Search
Close this search box.

Mother Teresa: No Greater Love – Jesus in Every Person

I’m probably pretty average when it comes to knowing about Saint Mother Teresa. I’ve read some of her spiritual writings and seen a few of the movies about her life but I’m in no sense an expert. After viewing this new documentary, however, I feel like Mother Teresa has touched my life in a new way.

The film, Mother Teresa: No Greater Love, commemorates the 25th anniversary of Mother’s death on September 5, 1997, and will premier in theaters as a Fathom Event for two nights only, October 3 & 4. Click here for location information and tickets.

The film fulfills two goals: to honor Mother Teresa and tell her story for a new generation but also to show how her legacy lives on in the spirit and work of the religious communities she founded: The Missionaries of Charity (MC). With unprecedented access to institutional archives and filmed at MC locations around the world, this film is truly a work of art and will be a spiritual inspiration to people of faith and people of no faith.

The first description of Mother, as she is affectionately known by those who knew her, in the film is that she was “a small, tiny, bent woman but that she had a commanding presence.” And what an impact this small, tiny, bent woman had on the world.

 

Saint Mother Teresa of Calcutta in “Mother Teresa: No Greater Love.”  © 2022 Knights of Columbus. All Rights Reserved.

Mother Teresa: No Greater Love is written and directed by David Naglieri and produced by the Knights of Columbus. The almost two hour run time of the film, flows smoothly between interviews, archival footage of Mother Teresa and dramatizations depicting her early life and her journey from the Sisters of Loreto to her call to serve the poorest of the poor that led to the founding of the Missionaries of Charity.

The audience travels around the globe, first, to Boa Vista refugee camp in Roraima, Brazil where the MC sisters care for the Venezuelan refugees there. Next visited, is the Home of Mercy in Nairobi, Kenya where the sisters care for severely physically and mentally handicapped children. Back to Brazil, on the outskirts of Rio de Janeiro, the films shows how the sisters seek the face of Jesus in “Crackland,” the encampment of drug dealers and homeless addicts who are banned, even from the slums.

In the Bronx, New York, the sisters provide food and spiritual inspiration to people who live on the streets and anyone in need. The guests at the home for lepers in Titigah, India give back to the sisters by making the saris that are their habits.

Taking pride of place, however, is the Kalighat Home for the Dying and Destitute in Kolkata, India, where Mother Teresa first started her mission.
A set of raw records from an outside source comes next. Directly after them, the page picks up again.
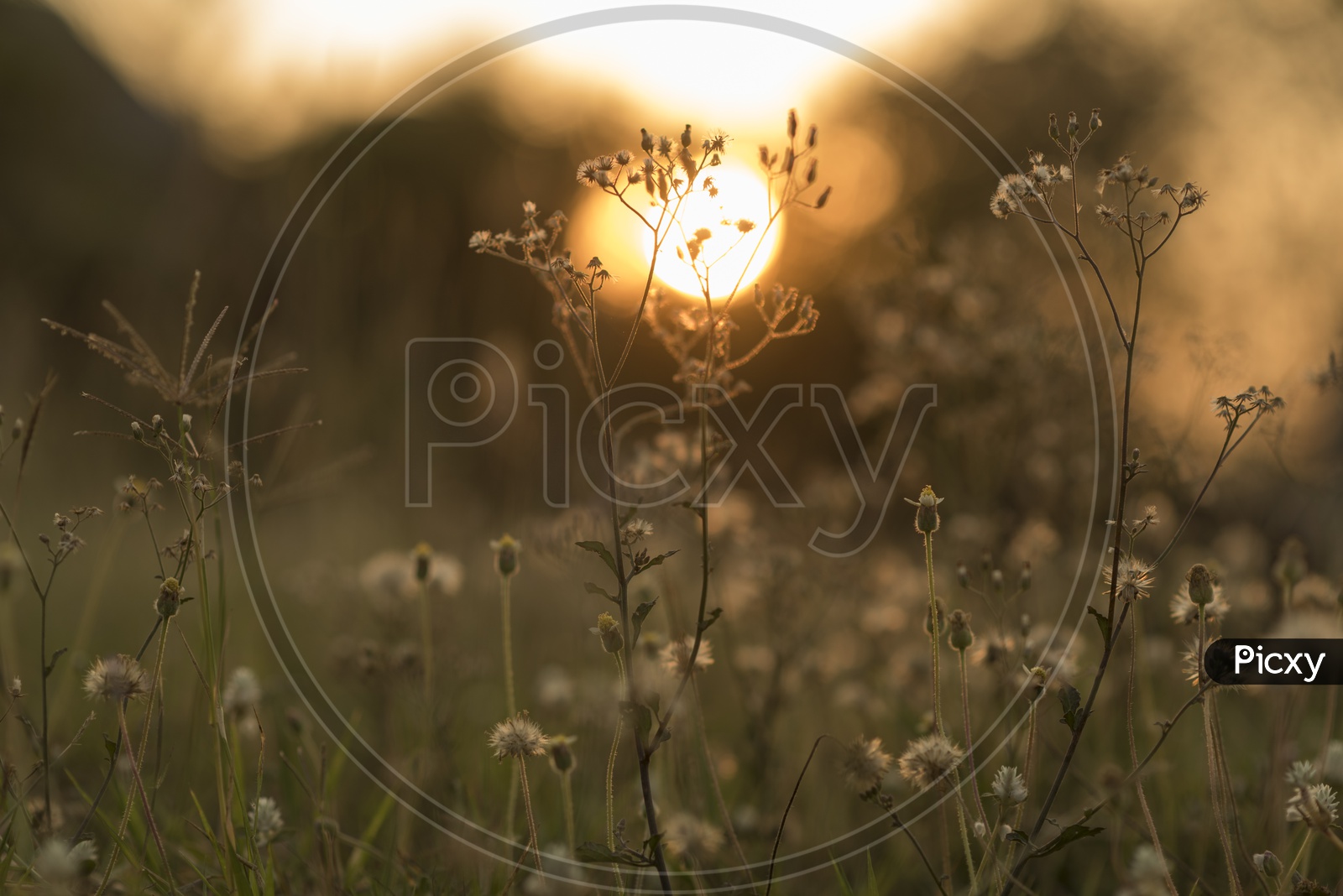 Garden Flowers With Sunset Background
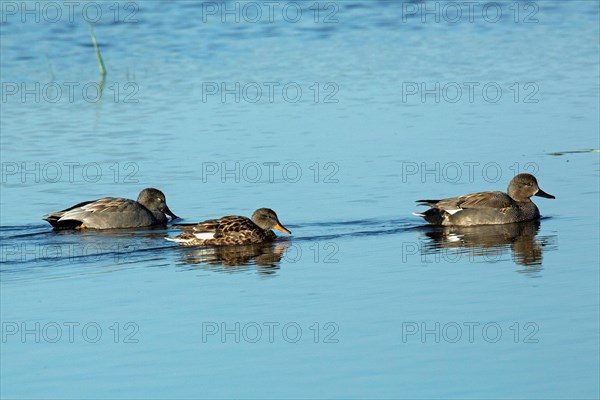 Gadwall three birds swimming side by side in water on the right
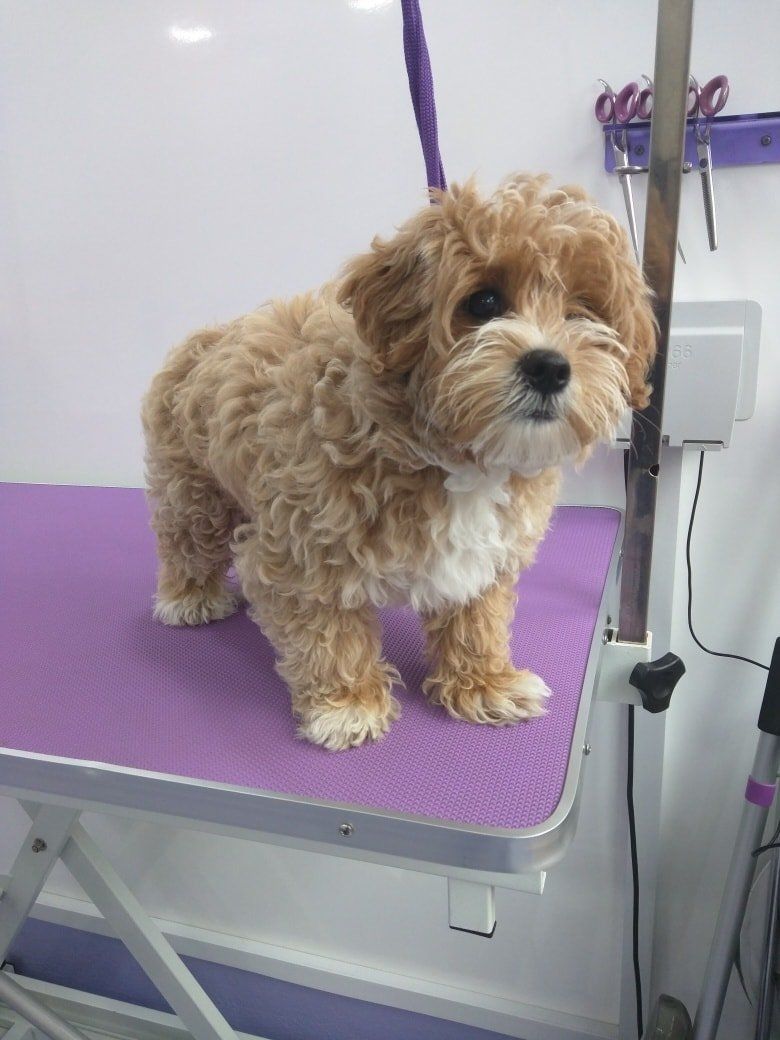 Mia before Norton and Malton Dog Grooming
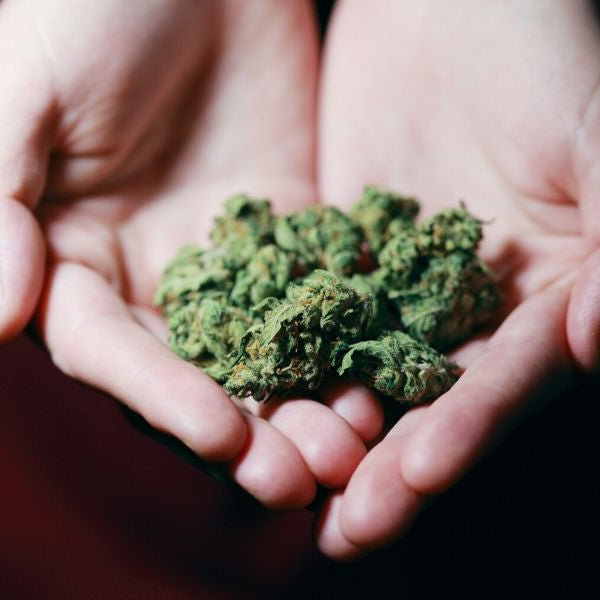 The Illegalization of Marijuana: A Brief History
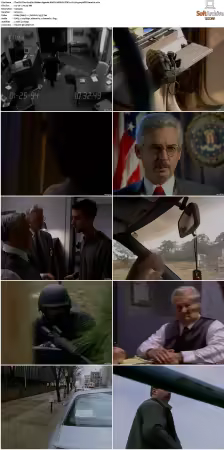 The F.B.I. Files S01 S07 AMZN WEB-DL DDP2.0 H264-playWEB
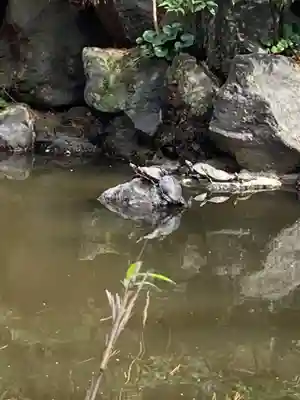 平塚八幡宮(神奈川県)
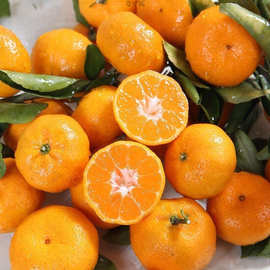 南丰蜜桔小贡桔子如沙糖橘子薄皮当季新鲜水果砂糖蜜橘批发厂批发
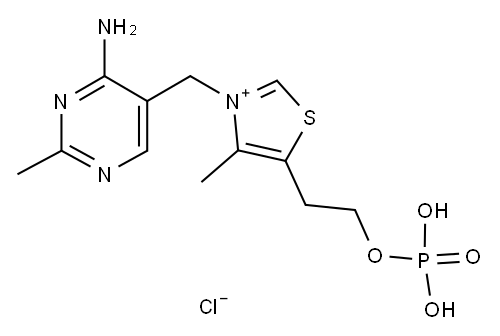 THIAMINE MONOPHOSPHATE CHLORIDE Structure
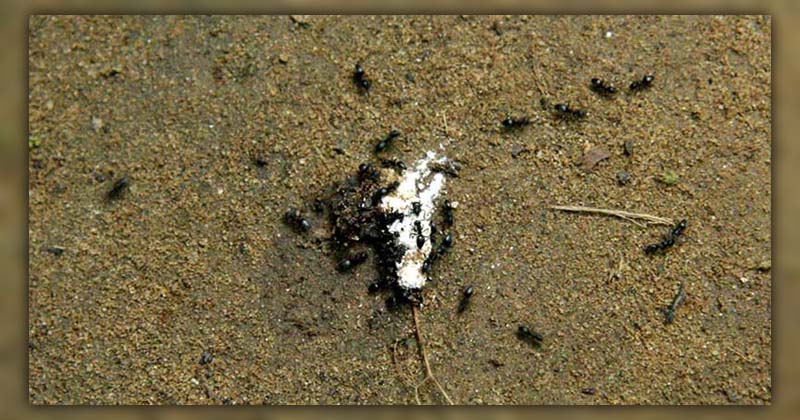 kill ants with borax 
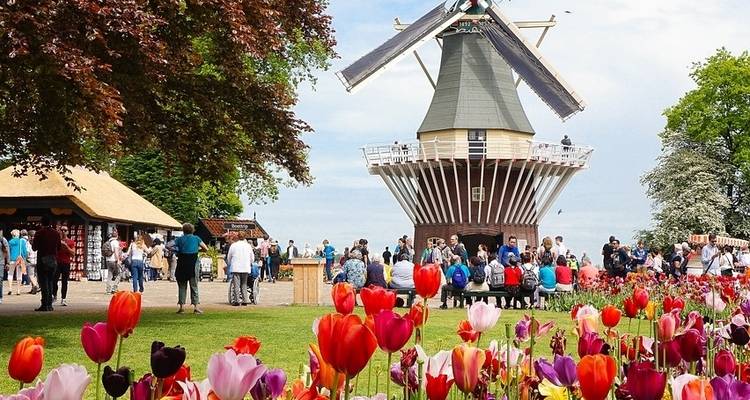 Hollande et; Belgique Anvers à Amsterdam - Viking Cruises 3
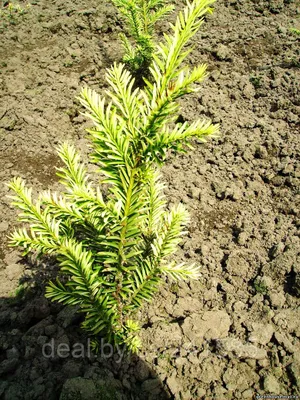 Тис ягодный (Taxus baccata) — путеводитель по отдыху в Крыму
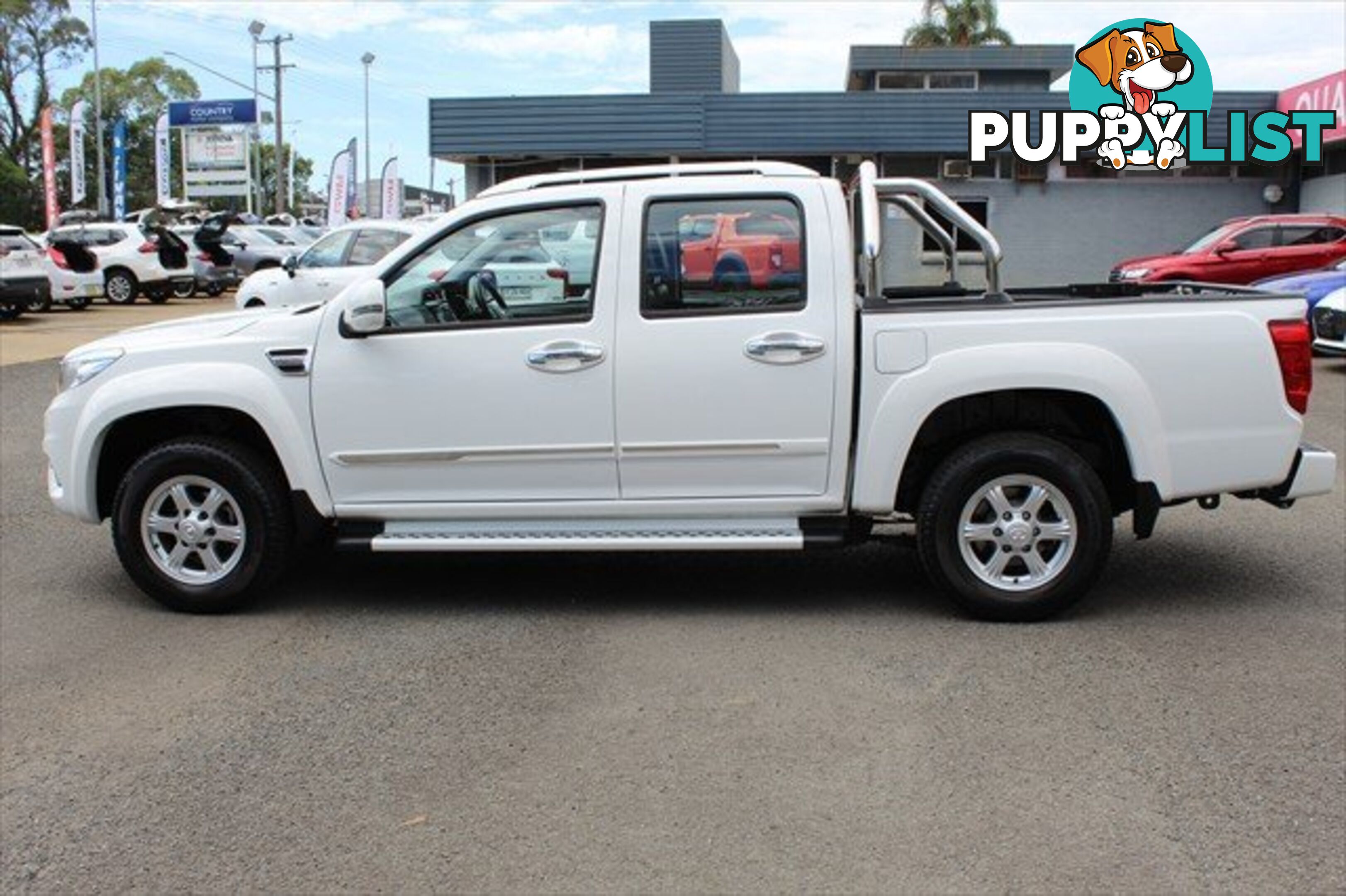 2019 GREAT WALL STEED  NBP UTILITY - DUAL CAB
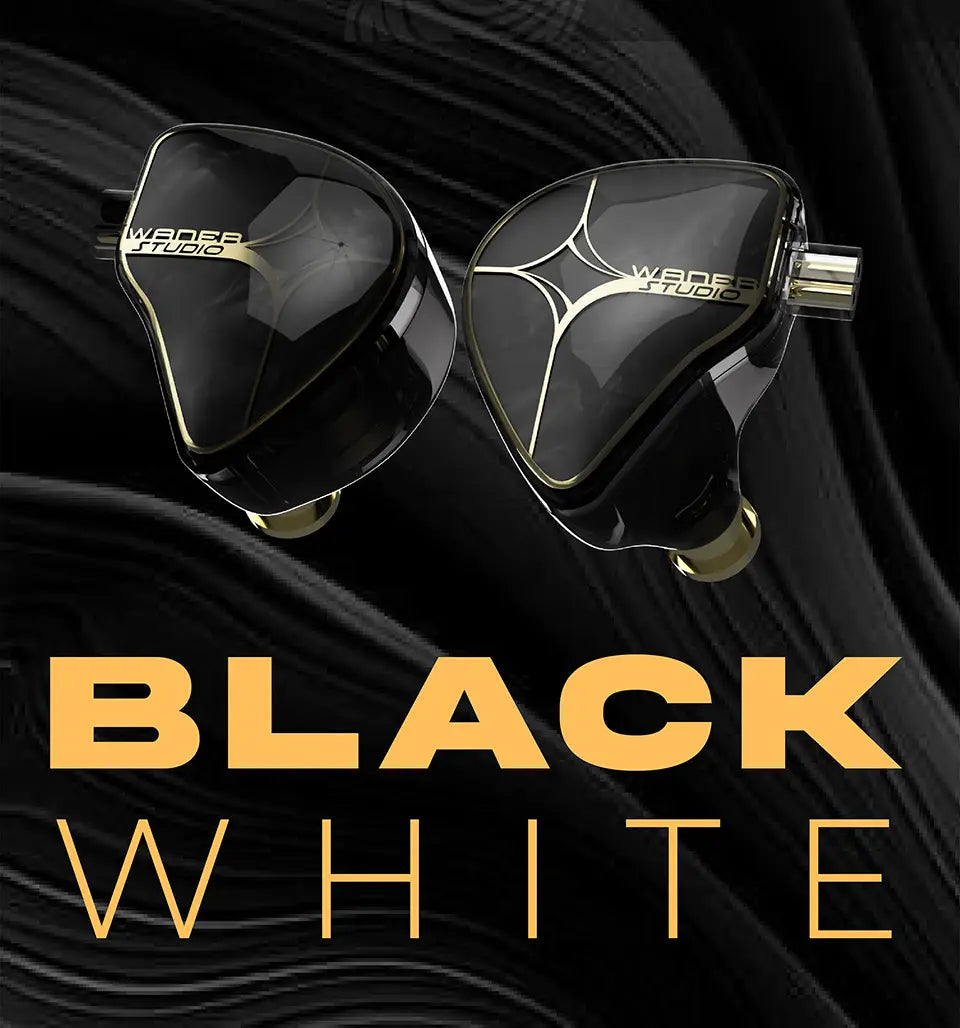 TANGZU WAN ER STUDIO Edition In Ear Monitors 10mm PET Diaphragm Dynamic Driver Replaceable 0.78mm 2Pin HiFi Wired Music Earphone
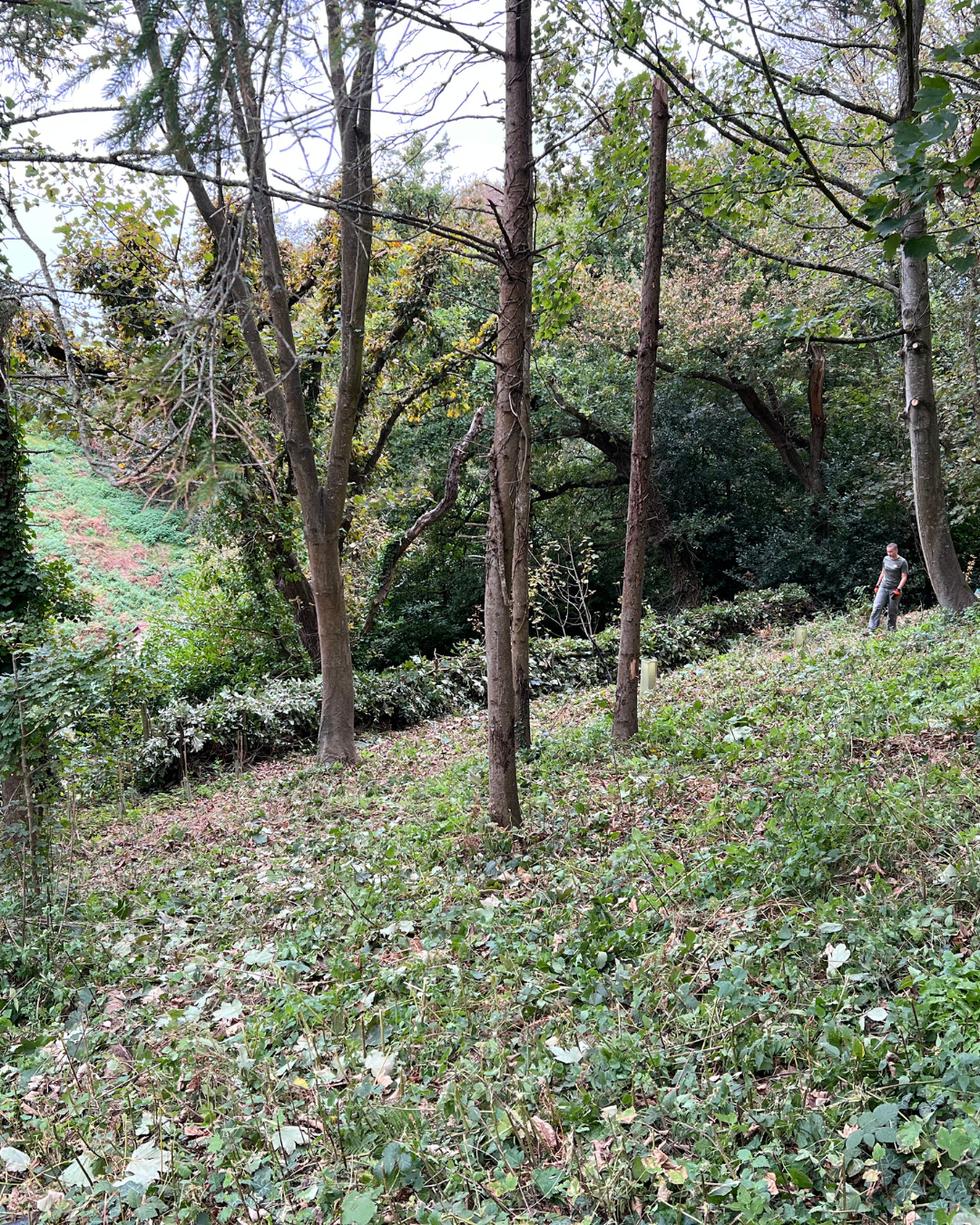 2025 10 10 Rossborough IG (2)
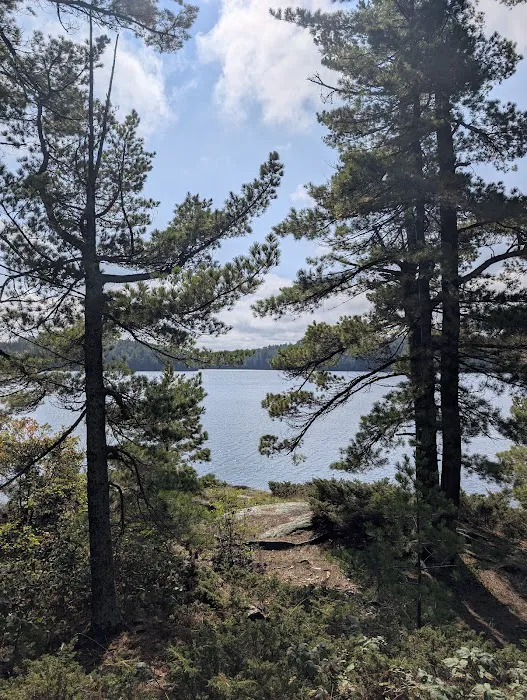 Peterson Point K25 Campsite Picture 9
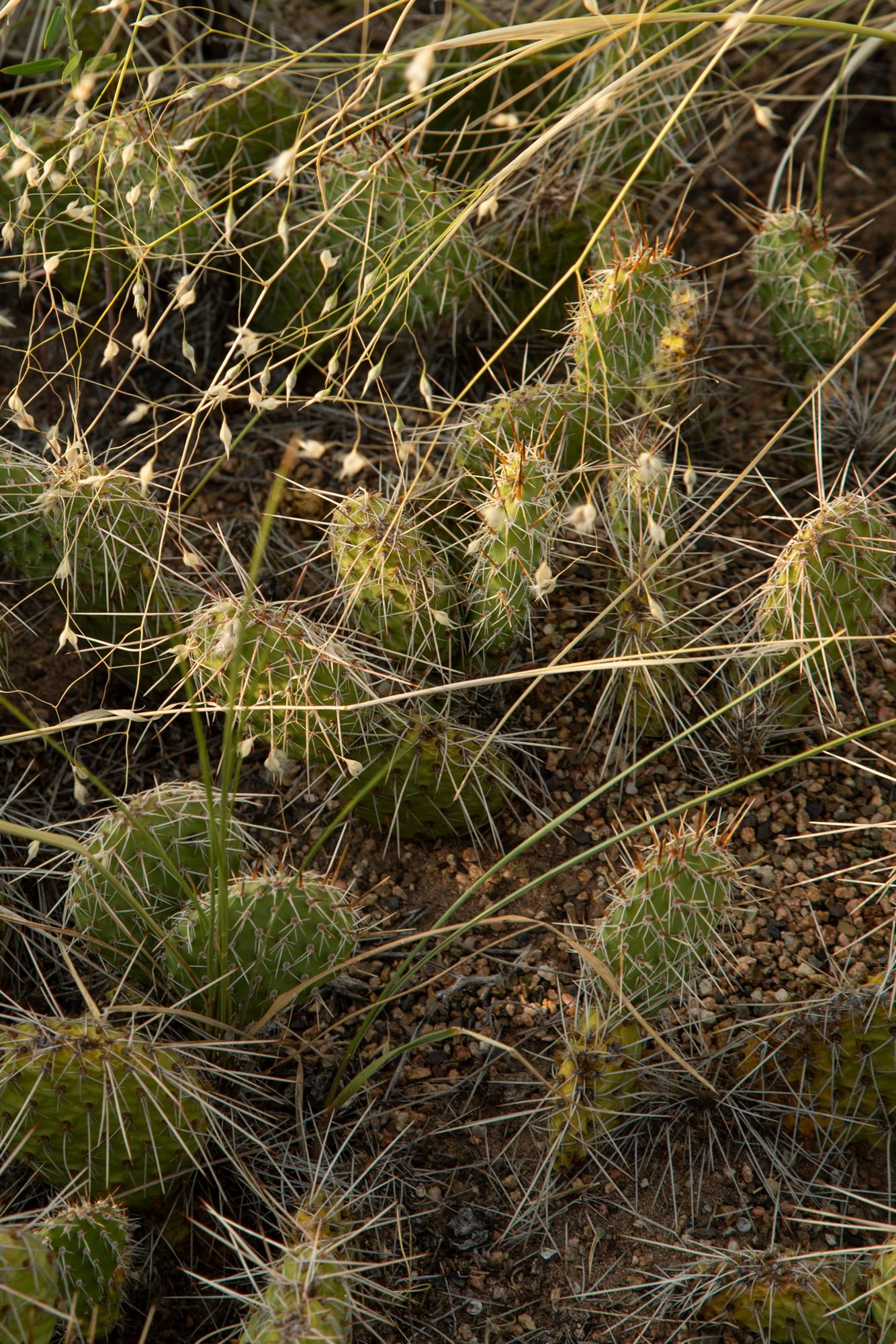 Close-up view of green pine needles and branches in a natural forest setting showing intricate needle patterns.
It is where Malcom Muggeridge, the British journalist, came to talk to Mother when preparing his book and film, “Something Beautiful for God.” The story is told how Mother initially refused to meet with him, not wanting the publicity, but his appeal eventually reached the Vatican, who ordered her to welcome him and his film crew.

 

At the home in Kalighat, India, in “Mother Teresa: No Greater Love.”  © 2022 Knights of Columbus. All Rights Reserved.

What I found most inspiring about the film, however, was testimony after testimony from people who knew her or those who had been helped by her spiritual daughters, to her singular focus: seeing Jesus in every person she met.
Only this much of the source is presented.